The dudes in HB like this are Doc and Tim Stamps — guys who can solve all your high-performance and grovel needs — or there are guys like Jeff Beck at Nine Lights who will take the time to teach you about alternative construction (wood!) and shapes (asymmetricals!) as well as sustainable materials. And regardless of what city or town you live in I hope this brings to mind at least two or three dudes who would love a pack of beer and a bag of Doritos on a Friday afternoon in exchange for a board or three.
There is a chance that I am overly sentimental or romantic about this type of thing. As I am about many silly things in surfing. But my first job at 15 was in a surfboard glass shop. I spent hours after school with glassers in their 20s who got free boards and wore resin high tops and cussed like motherfuckers.
My job there was simple: “Clean up this hell hole and stay out of the way…fuckin’ grom.” Guys named after motorcycle parts wandered the halls in masks and looked grumpy. I’d nicely restack the porno mags on the back of the toilet, take the toxins to the bin, sweep the foam and pubic hairs that didn’t make it into your new board and generally organize the wreck of the toxic workshop as best I could. But what I really did was listen to the dudes talk. Over frequent afternoon beers they talked about surfing, fighting, drinking, traveling, women, and the victories and atrocities that accompany chasing those things.
And nothing sounded better to me.

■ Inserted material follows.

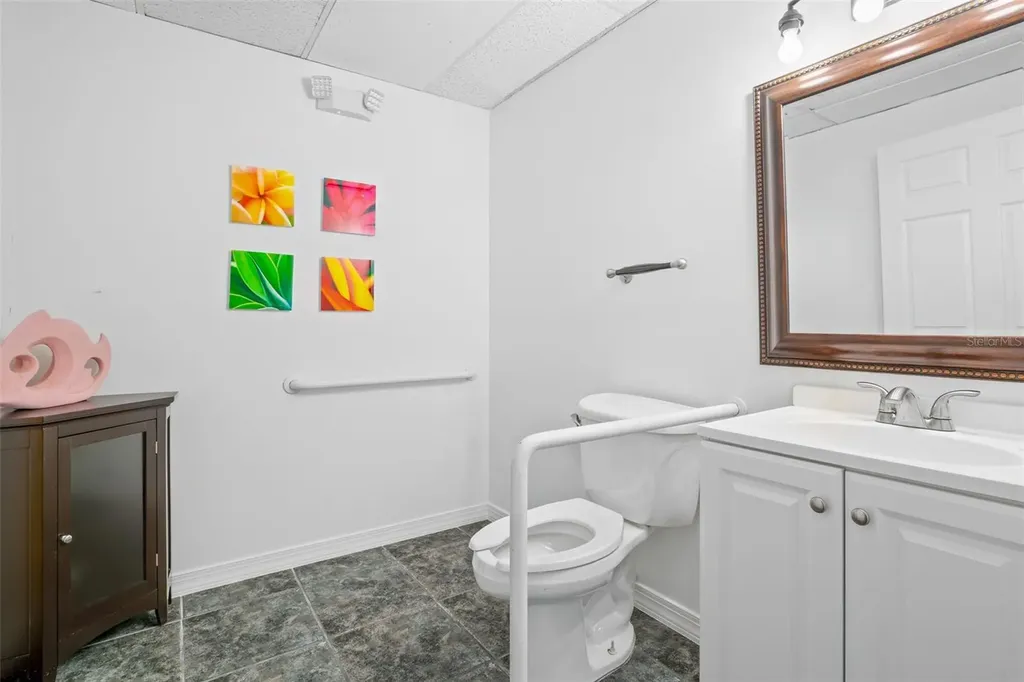 1213 SE 47th Terrace Cape Coral FL 33904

I promptly quit any and all organized sports or clubs in exchange for a friend named Clutch who I’d thrill to run into at any local parking lot or bar.
As we head into a big week for artificial surfing culture and surfing’s Homo Deus moment, I think it’s still important that we remember that not all is faux “Beach Vibes” and being “King of the Weekend” live from the Surf Country Club in the middle of nowhere.
Not everything is plastic yet.
There are still those little things that bring actual meaning to your love of surfing. Ordering custom boards in person is one that never gets old for me. And while I’m definitely curious about this weekend and currently loading the Red Shark with cigarettes, gambling cash, Perrier and hallucinogens for me and Chas’ weekend in Lemoore, so far my favorite part about all the anticipation for the contest has been the Pacific Ocean’s response to it all: two hurricanes and several southern ground swells stacked up and ready to take us ocean-going surfers right through the end of September.
First swell hits Friday. Remember, remember the former contest of September.